Machines don't know if there's an emergency going on; if you don't do maintenance, knowing that the thing will fail if you don't, then you're rolling the dice on whether it fails right when you need it. It's akin to not renewing an SSL certificate - you knew it was coming, you didn't deal with it, now it's broken - despite all reasonable arguments that the connection is approximately as safe 1 minute after midnight as it was 1 minute before, if the smartphone app (or whatever) doesn't give you any expired cert override then complaining does nothing. Windows updates are released the same day every month, and have been mandatory for eight years: https://www.forbes.com/sites/amitchowdhry/2015/07/20/windows...

And we all know why - because Windows had a reputation of being horribly insecure, and when Microsoft patched things, nobody installed the patches. So now people have to install the patches. Complaining "I want to do it myself" leads to the very simple reply: you can - why didn't you do it yourself before it caused you a problem?

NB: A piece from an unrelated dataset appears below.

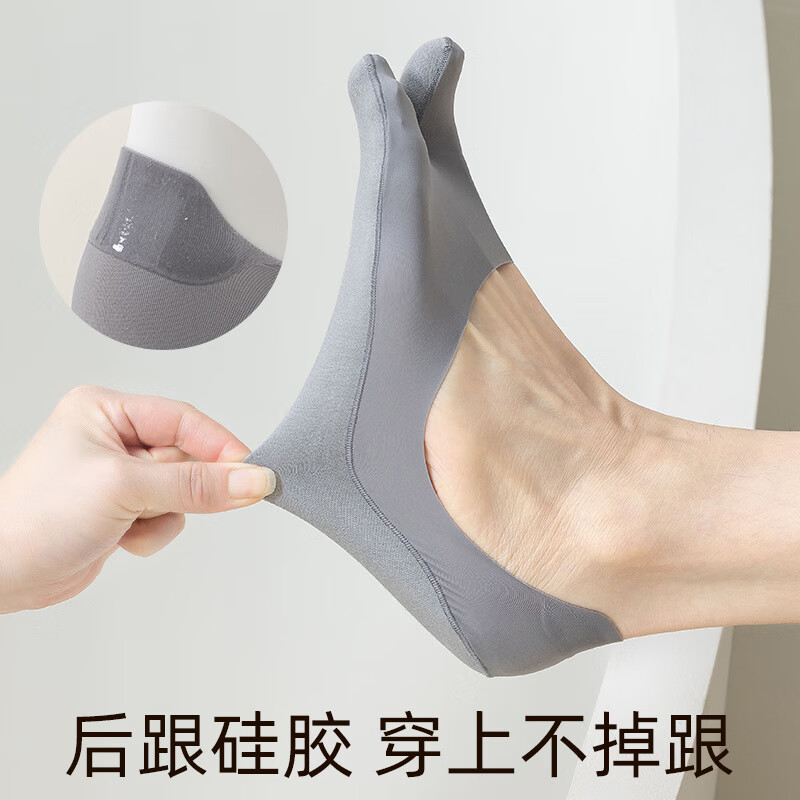 艾笛户外 男士浅口棉底二趾袜夏季薄款防滑袜子6双/组 2组起售 黑色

If you're still stubbornly refusing to install them, refusing to disable them, refusing to move to macOS or Linux, and then complaining that they forced you to update at an inconvenient time, you should expect people to point out how ridiculous (and off-topic) you're being.



(Your user name is wonderful.)

> It's akin to not renewing an SSL certificate.

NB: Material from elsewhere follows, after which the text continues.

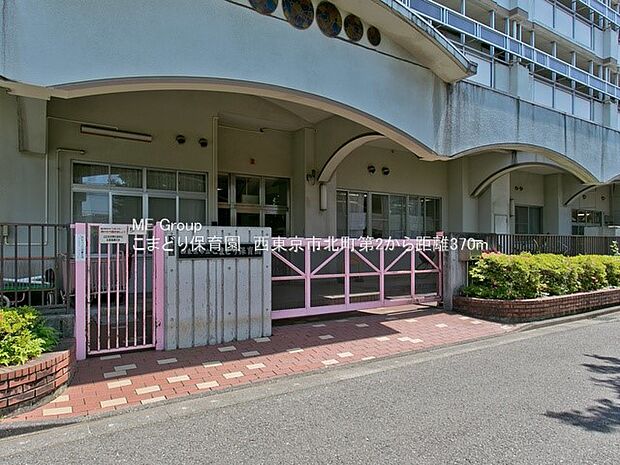幼稚園・保育園 370m こまどり保育園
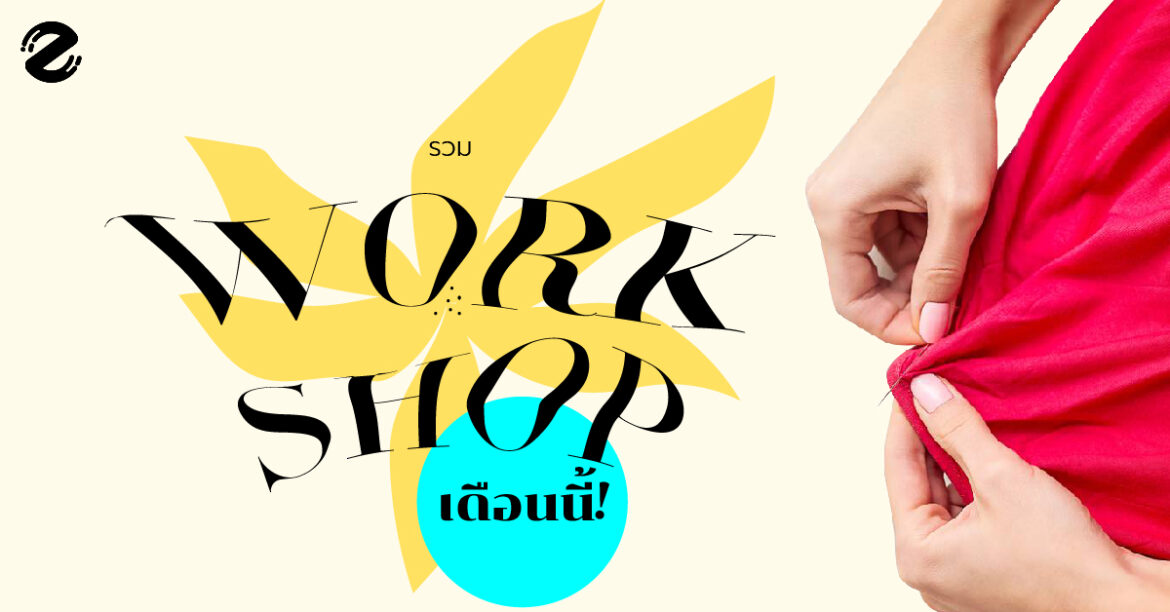 workshop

Your choice of analogies is a good one. I have done SSL type stuff since 1997.

Doesn't matter: I would have to work a few hours very carefully before modifying my web server config. And test it.

I am terrified by scale of deployment involved in this CloudStrike update.

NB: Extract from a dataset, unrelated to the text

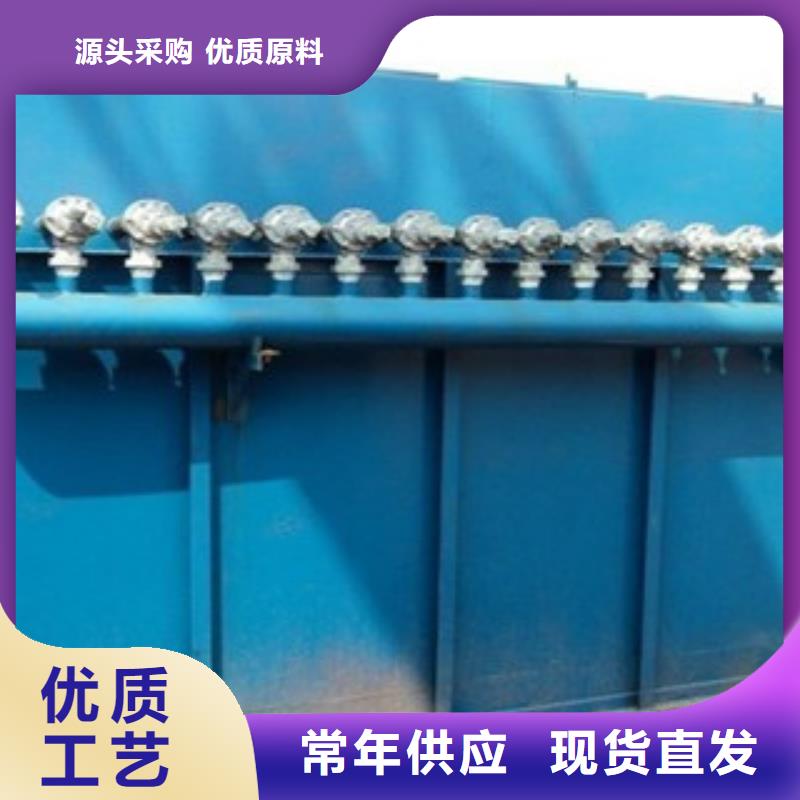 除尘器,【工业布袋除尘器】精心打造同城厂家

But that's the thing, forced updates are not akin to maintenance or certs that expire on an annual basis. I'm not sure where you seem to be getting your "you should expect people to point out how ridiculous you're being" line from. Your the only one I'm seeing arguing this idea.


Disabling forced updates by using proper managed updates features that exist longer than "forced updates" had is table stakes for IT. In fact, it was considered important and critical before Windows became major OS in business.